> HOW TO COMPLETE THIS TASK: Could you restate word for word only the lines below from the one holding "سقوط مرد 49 ساله به عمق دره 7 متری" to the one holding "吃完午飯睡覺會胖嗎？吃完飯就睡覺好嗎？", inclusive, and leave out the pictures?
━━ EXERCISE DATA ━━
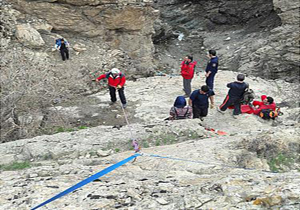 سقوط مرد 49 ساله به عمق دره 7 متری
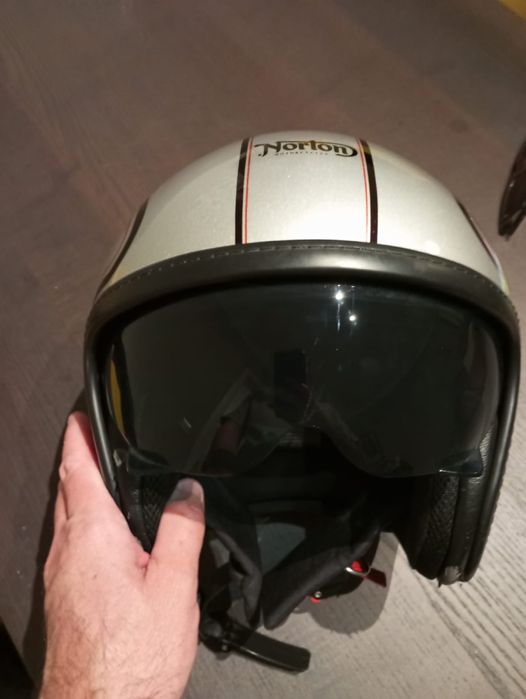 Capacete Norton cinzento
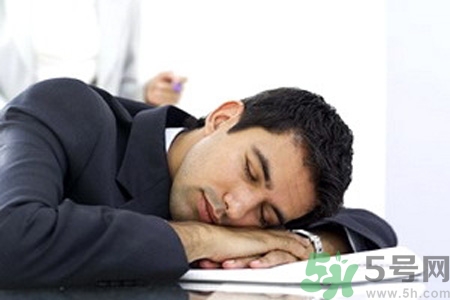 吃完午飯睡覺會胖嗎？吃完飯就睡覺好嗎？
━━━
━━ EXERCISE DATA ━━
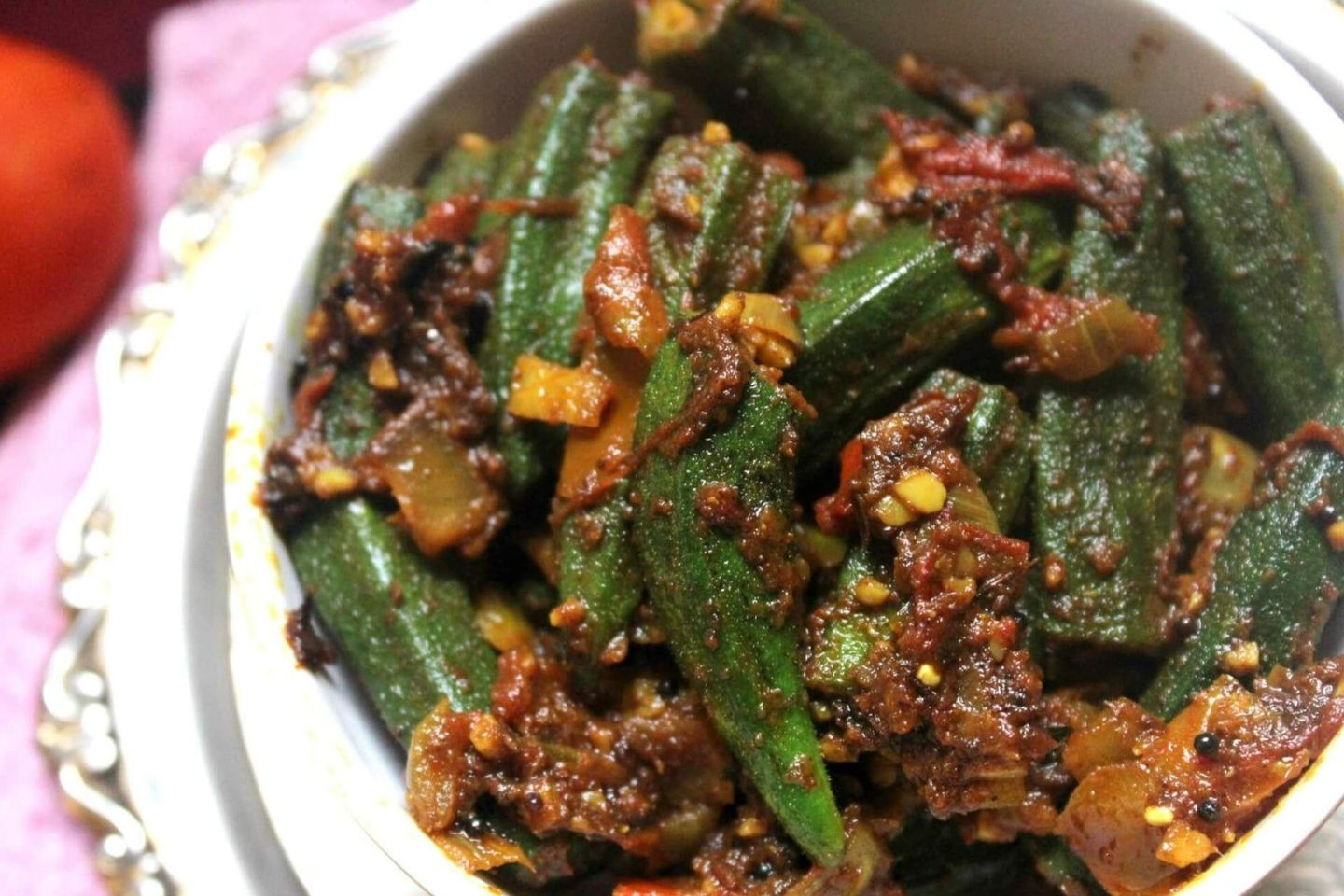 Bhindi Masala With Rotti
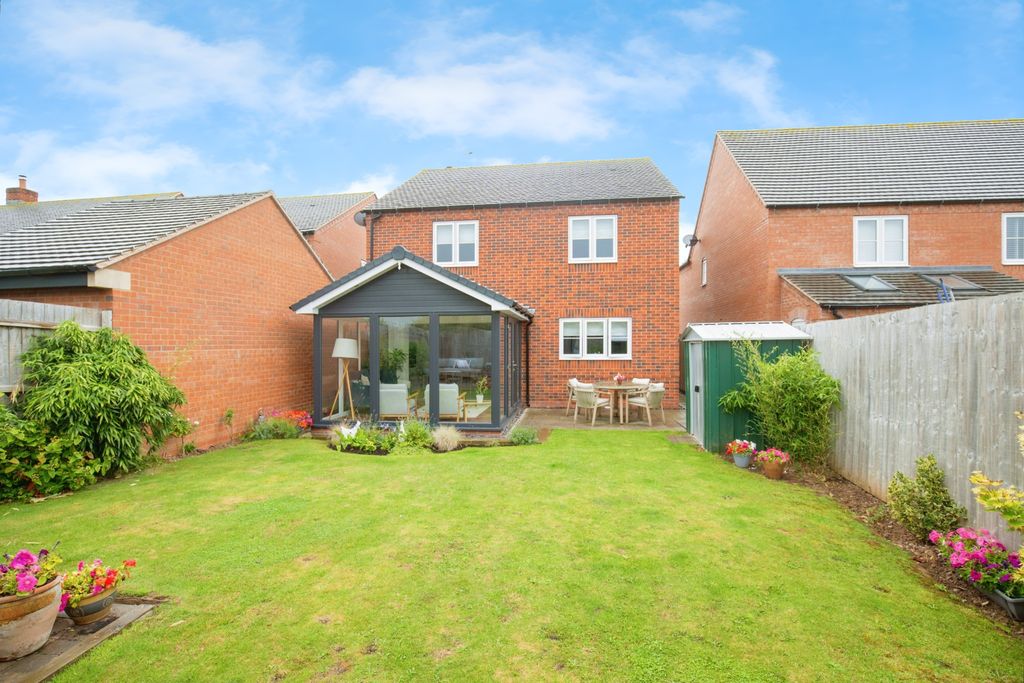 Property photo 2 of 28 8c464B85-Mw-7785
━━━
━━ EXERCISE DATA ━━
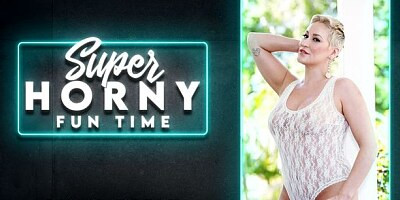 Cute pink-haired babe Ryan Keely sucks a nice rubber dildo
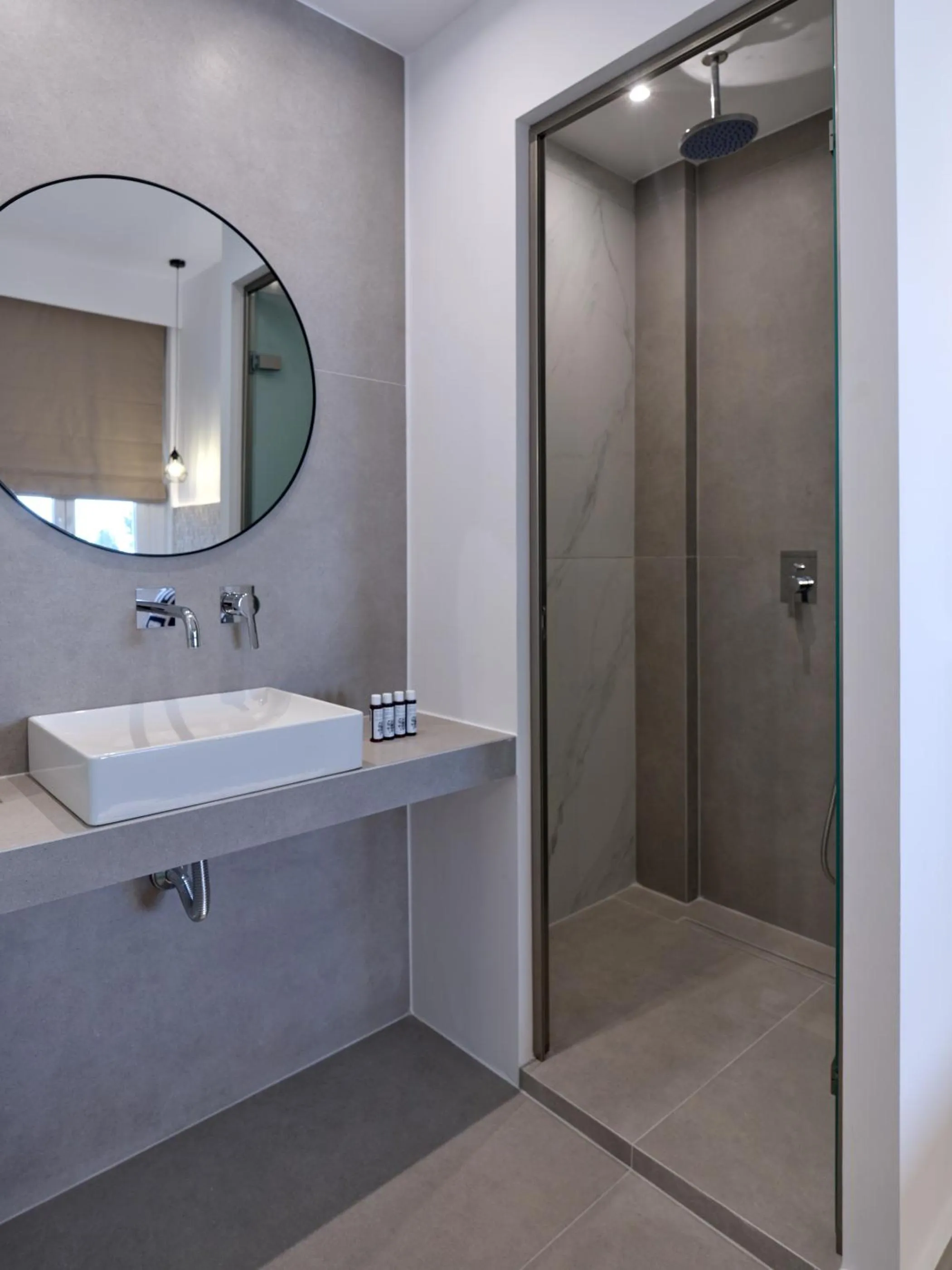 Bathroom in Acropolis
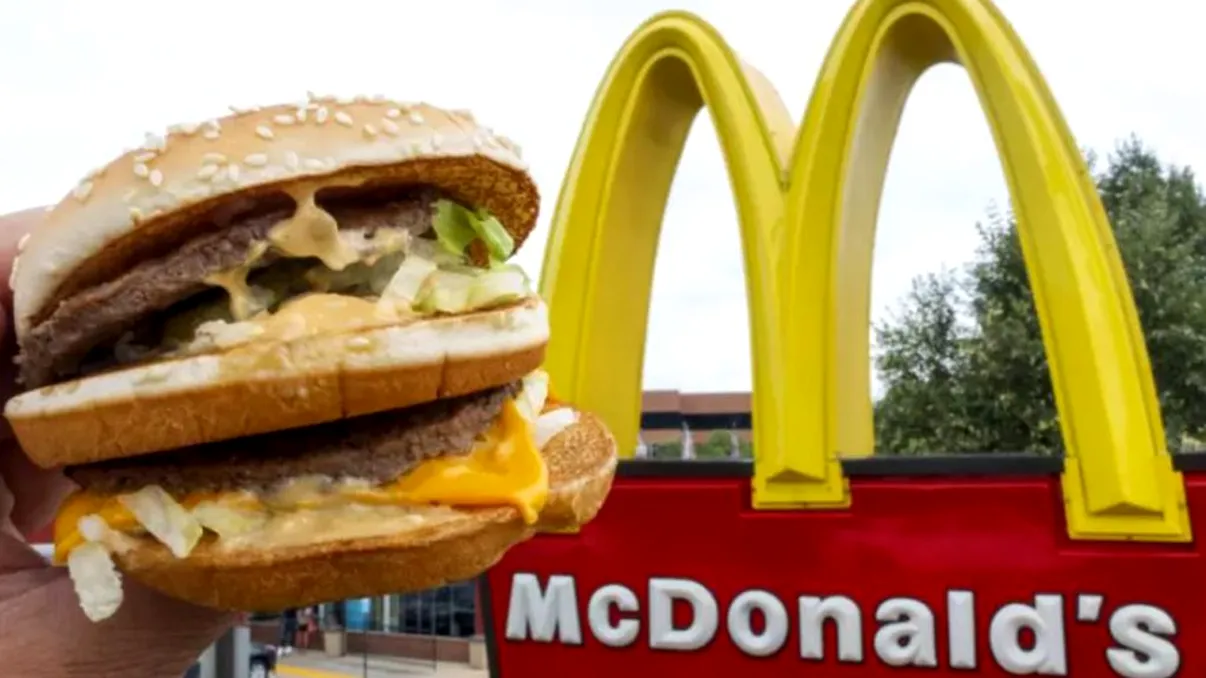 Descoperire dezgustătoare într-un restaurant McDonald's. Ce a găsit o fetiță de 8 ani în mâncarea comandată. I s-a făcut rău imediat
━━━
> RESPONSE AREA:
 سقوط مرد 49 ساله به عمق دره 7 متری
 Capacete Norton cinzento
 吃完午飯睡覺會胖嗎？吃完飯就睡覺好嗎？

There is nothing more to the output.